The OMERACT core set of outcome measures for use in clinical trials of ANCA-associated vasculitis

There has been a marked increase in the past 15 years in the number and quality of clinical trials in the idiopathic inflammatory vasculitides, especially the small-vessel vasculitides known as antineutrophil cytoplasmic autoantibody (ANCA)-associated vasculitis [AAV; granulomatosis, with polyangiitis (Wegener's)]. These trials have been conducted by multicenter, international groups in Europe and the United States with financial support provided by government agencies and biopharmaceutical companies. This increased clinical trial activity in vasculitis has been accompanied by the development and validation of new outcome measures--a challenging process for these complex, multiorgan system diseases.

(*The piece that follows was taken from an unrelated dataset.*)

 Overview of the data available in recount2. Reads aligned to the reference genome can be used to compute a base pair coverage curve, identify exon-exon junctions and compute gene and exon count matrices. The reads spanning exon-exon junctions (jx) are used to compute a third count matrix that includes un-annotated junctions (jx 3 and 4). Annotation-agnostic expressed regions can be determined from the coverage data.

The international OMERACT Vasculitis Working Group has developed and implemented an iterative research agenda that has utilized accumulated experience and datasets from several multicenter clinical trials and large cohort studies. This work has led to the development, evaluation, validation, and endorsement, through the OMERACT consensus and validation processes, of a "core set" of outcome measurements for use in clinical trials of AAV. The core set includes domains of disease activity, damage assessment, patient-reported outcomes, and mortality; there is at least one validated outcome measurement instrument available for each domain. This report reviews the domains of illness in AAV included in the OMERACT core set, describes the instruments validated to measure these domains, and presents the approved core set.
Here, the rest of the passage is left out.